Short Haul: 0 to 4 hours
Travelling with small kids can be overwhelming, especially when they are very young. Many families do their best to avoid long flights or ones that involve major disruptions to sleep schedules or time zone changes. As such, we’ve chosen three incredible but nearby destinations to explore.
Jordan (3 Hours)
Starting in Jordan, finding some really cool educational experiences to share with your kids is not hard. This country is so steeped in history that you could easily spend a month in it.
The obvious place to start is Wadi Musa, or Petra, as it is commonly known in international circles. This historical and archaeological city has been inhabited from as early as 7000 BC. Here, you can learn about the Nabateans—Wadi Musa’s earliest inhabitants—and the Romans.
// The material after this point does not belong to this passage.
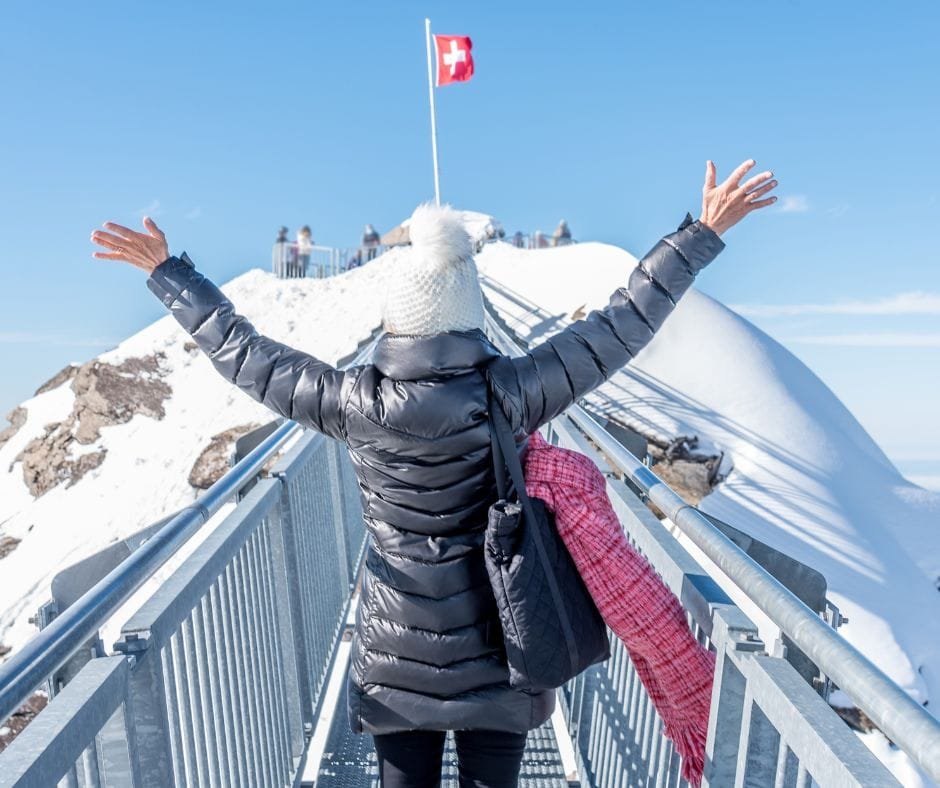 safest places to travel alone for women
Amman, Jordan’s capital, also has a history dating back to the Romans, as does the abandoned city of Jerash, which is known as Jordan’s Pompeii. This city was exceptionally well preserved under sand for hundreds of years. In Madaba, you can learn about mosaics as the sixth-century mosaic map of the Holy Land in the Greek Orthodox Church of St. George is there. Nearby is Mount Nebo, where Prophet Moses is believed to have been granted a view of the Promised Land before his death. While you’re in the area, head to the Dead Sea, where you can marvel at your ability to float in its tranquil waters while talking to your children about how its high salt content makes this possible.
Egypt (3.5 Hours)
Home to the only remaining ancient wonder of the world, Egypt is a fascinating place to visit.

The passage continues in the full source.